__Problem requirements__. All lines from the one holding "Echinops ritro Veitch’s Blue - Chardon boule" to the end of the listing are to be output exactly, both ends included, with any pictures left out.

__Material provided__.
*****
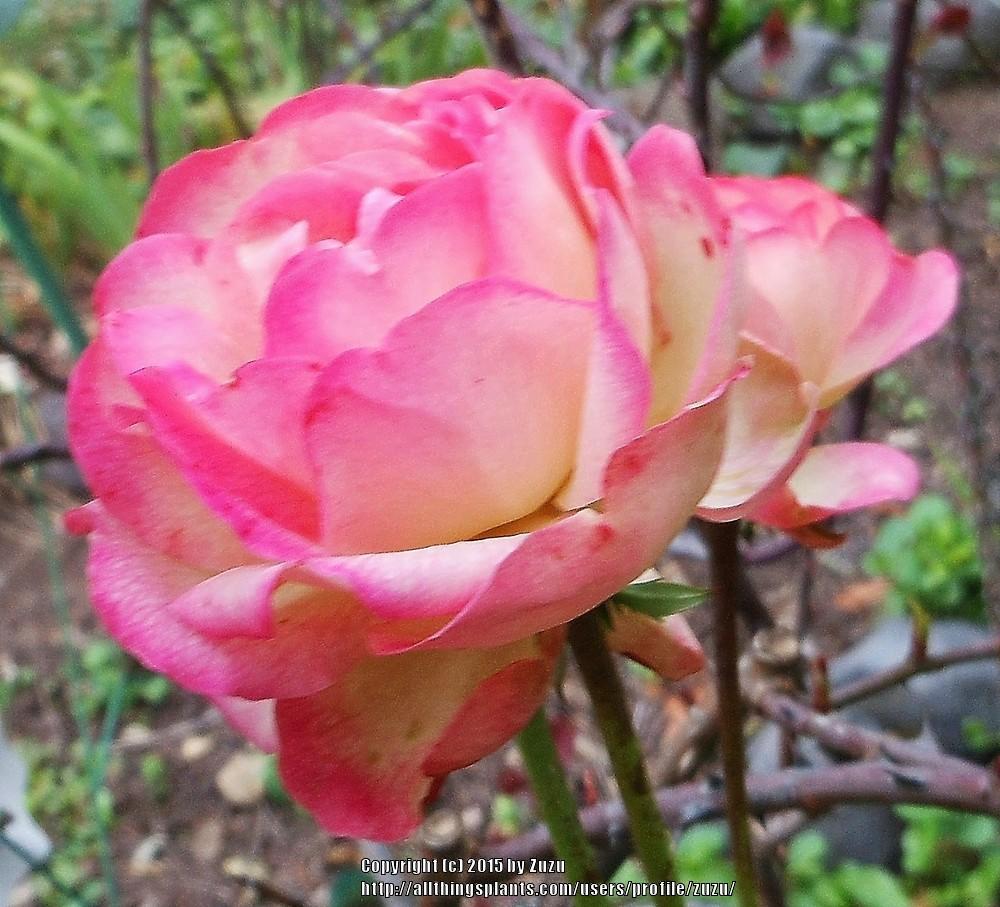 Photo of Rose (Rosa 'The Fisherman's Cot') uploaded by zuzu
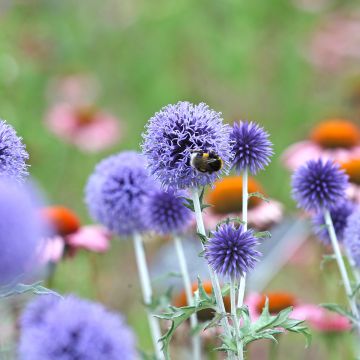 Echinops ritro Veitch’s Blue - Chardon boule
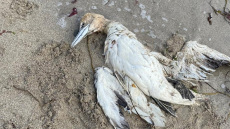 Γρίπη των πτηνών: Καμπανάκι από τους επιστήμονες για επικείμενο ξέσπασμα και στους ανθρώπους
*****
__Solution for this problem__.
 Echinops ritro Veitch’s Blue - Chardon boule
 Γρίπη των πτηνών: Καμπανάκι από τους επιστήμονες για επικείμενο ξέσπασμα και στους ανθρώπους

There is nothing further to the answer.